◆ What you need to do ◆
Nothing but the lines below from the one holding "So far, we have" up to and including the one holding "Hello friends, in" should be copied, exactly and without pictures.

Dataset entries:
┄┄┄┄┄┄┄┄┄┄┄┄┄┄┄┄┄┄┄┄

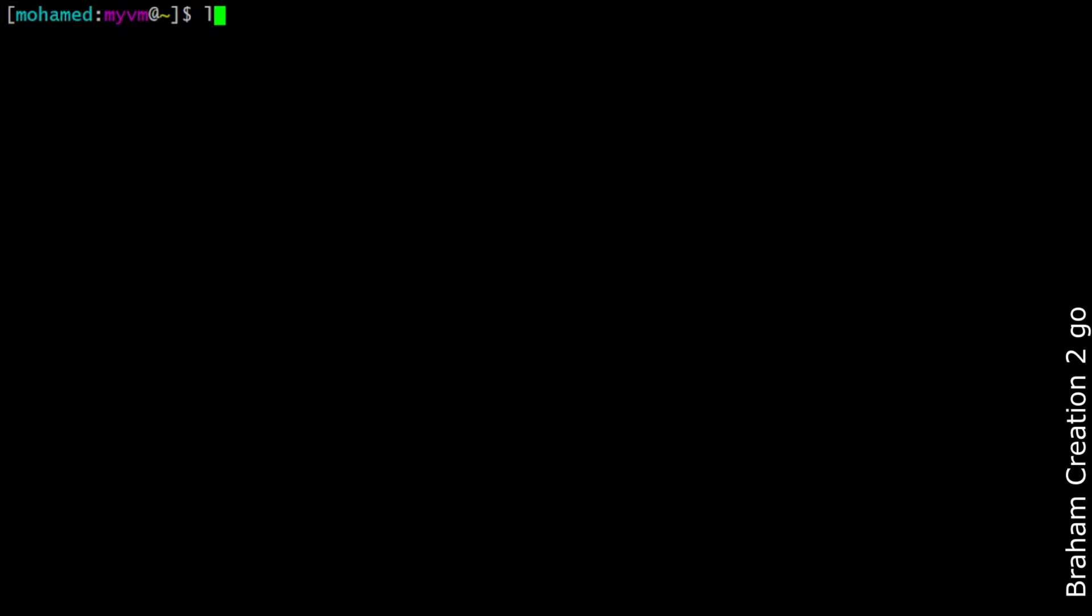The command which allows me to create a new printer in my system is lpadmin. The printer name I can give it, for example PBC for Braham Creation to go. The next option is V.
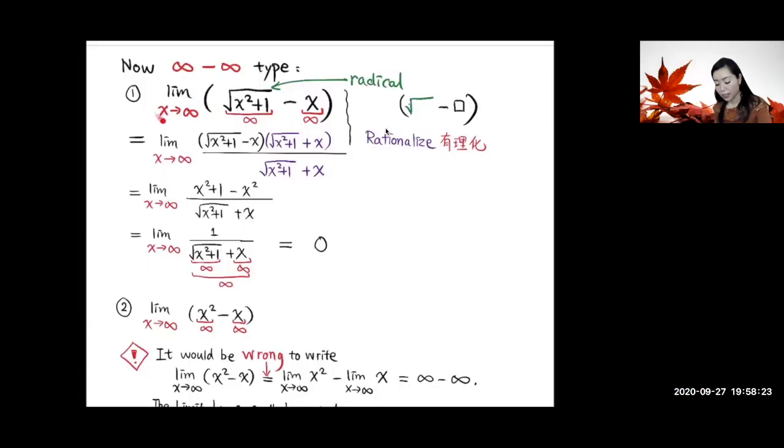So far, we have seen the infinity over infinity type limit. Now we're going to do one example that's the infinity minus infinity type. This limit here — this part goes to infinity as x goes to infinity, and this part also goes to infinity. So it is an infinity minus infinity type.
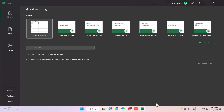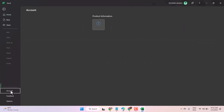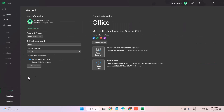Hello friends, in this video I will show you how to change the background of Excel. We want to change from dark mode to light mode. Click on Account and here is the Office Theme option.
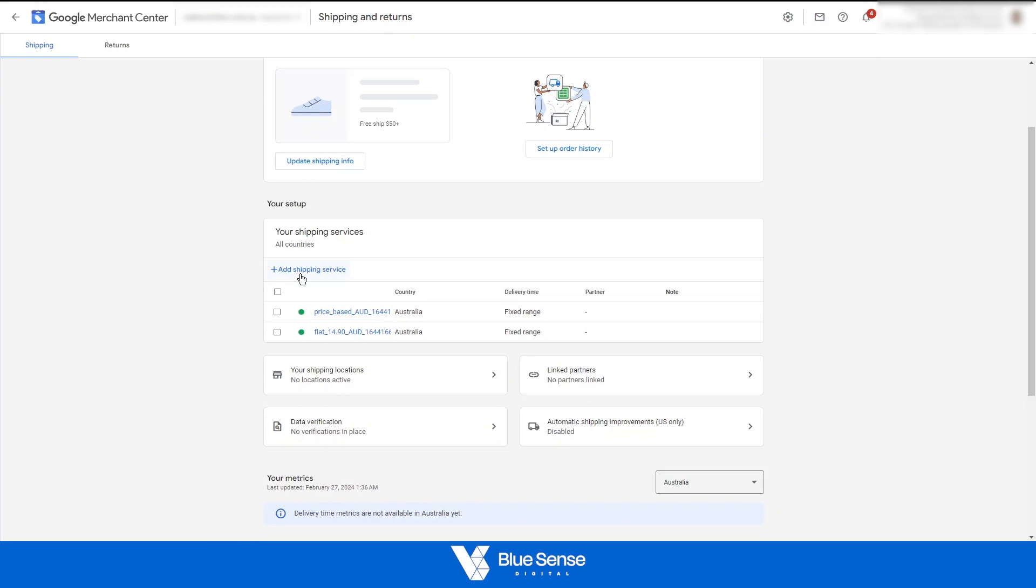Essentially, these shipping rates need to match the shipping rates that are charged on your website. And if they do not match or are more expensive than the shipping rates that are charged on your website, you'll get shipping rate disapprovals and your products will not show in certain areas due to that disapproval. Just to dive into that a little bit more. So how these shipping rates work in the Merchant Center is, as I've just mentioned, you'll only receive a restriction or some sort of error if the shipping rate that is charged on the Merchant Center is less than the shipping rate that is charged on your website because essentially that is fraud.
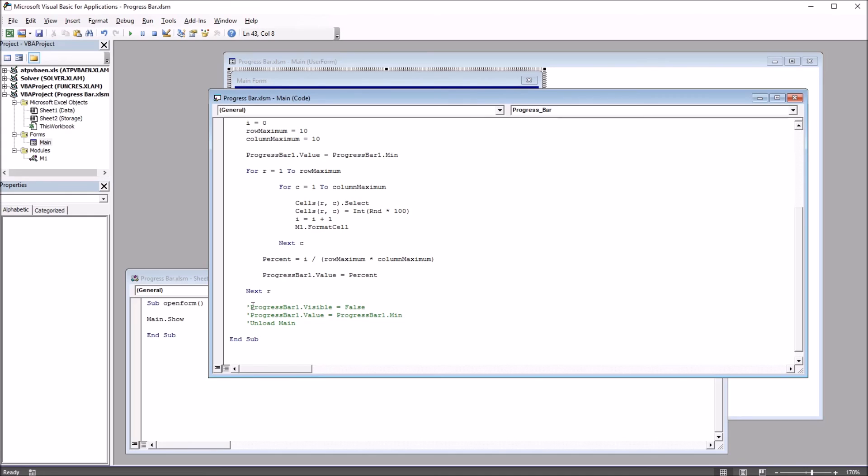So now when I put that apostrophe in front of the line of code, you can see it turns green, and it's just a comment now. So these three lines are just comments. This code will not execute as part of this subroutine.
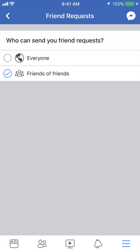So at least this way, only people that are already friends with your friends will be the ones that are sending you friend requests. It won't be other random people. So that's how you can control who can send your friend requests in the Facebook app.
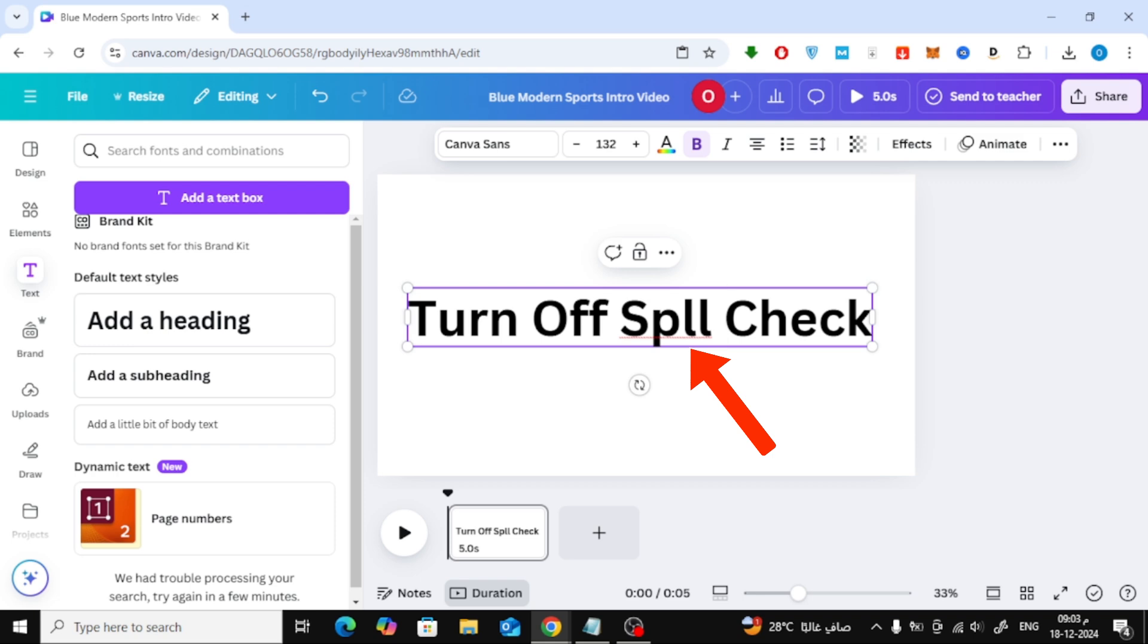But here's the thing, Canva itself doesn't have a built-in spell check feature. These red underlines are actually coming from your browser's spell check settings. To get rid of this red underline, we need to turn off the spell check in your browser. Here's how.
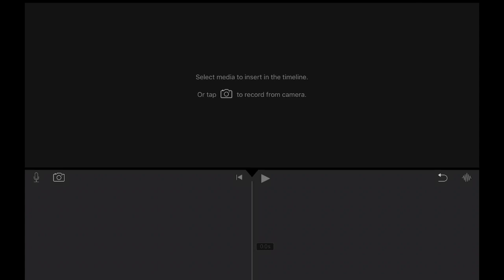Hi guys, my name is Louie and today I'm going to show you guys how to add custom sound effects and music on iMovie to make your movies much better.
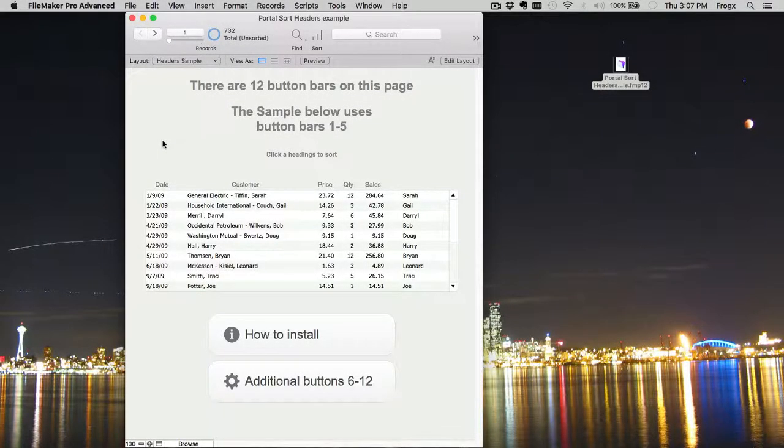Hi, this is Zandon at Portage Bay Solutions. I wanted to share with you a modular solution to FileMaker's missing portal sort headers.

┄┄┄┄┄┄┄┄┄┄┄┄┄┄┄┄┄┄┄┄

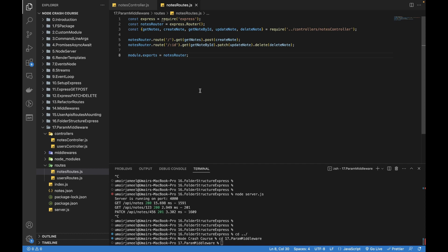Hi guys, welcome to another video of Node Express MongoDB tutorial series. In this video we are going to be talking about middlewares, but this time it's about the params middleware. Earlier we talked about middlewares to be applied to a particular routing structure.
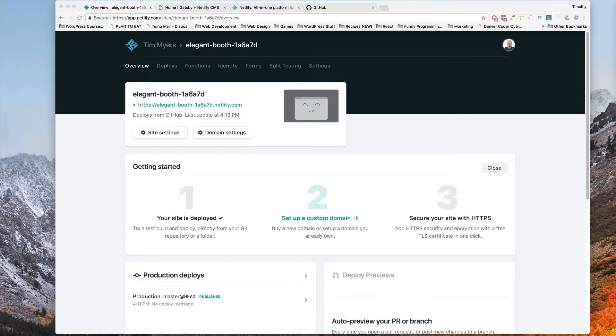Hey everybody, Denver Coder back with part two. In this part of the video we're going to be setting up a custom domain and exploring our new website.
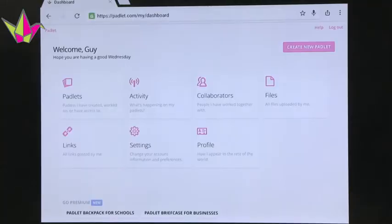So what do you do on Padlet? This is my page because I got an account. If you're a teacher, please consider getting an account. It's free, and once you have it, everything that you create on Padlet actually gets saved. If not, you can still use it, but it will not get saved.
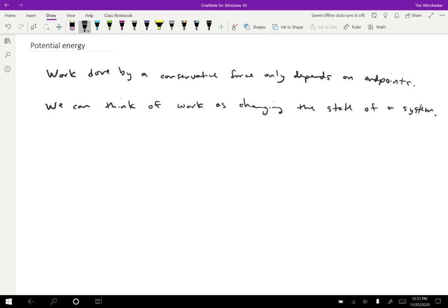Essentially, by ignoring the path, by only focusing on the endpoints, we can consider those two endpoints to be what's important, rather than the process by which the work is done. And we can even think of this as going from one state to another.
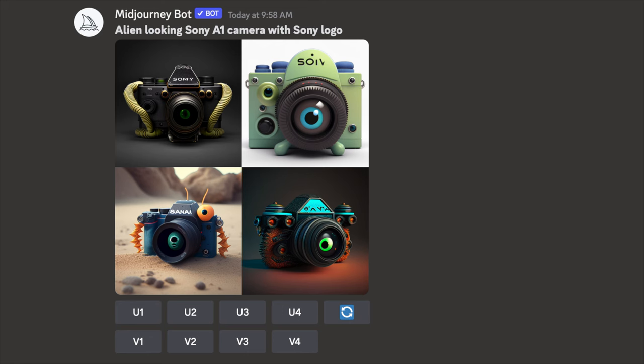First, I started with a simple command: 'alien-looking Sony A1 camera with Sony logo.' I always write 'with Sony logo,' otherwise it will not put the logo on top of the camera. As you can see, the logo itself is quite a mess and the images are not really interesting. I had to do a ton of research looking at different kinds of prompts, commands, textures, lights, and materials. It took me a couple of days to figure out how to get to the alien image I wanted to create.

┄┄┄┄┄┄┄┄┄┄┄┄┄┄┄┄┄┄┄┄

◆ Exercise response ◆
So far, we have seen the infinity over infinity type limit. Now we're going to do one example that's the infinity minus infinity type. This limit here — this part goes to infinity as x goes to infinity, and this part also goes to infinity. So it is an infinity minus infinity type.
Hello friends, in this video I will show you how to change the background of Excel. We want to change from dark mode to light mode. Click on Account and here is the Office Theme option.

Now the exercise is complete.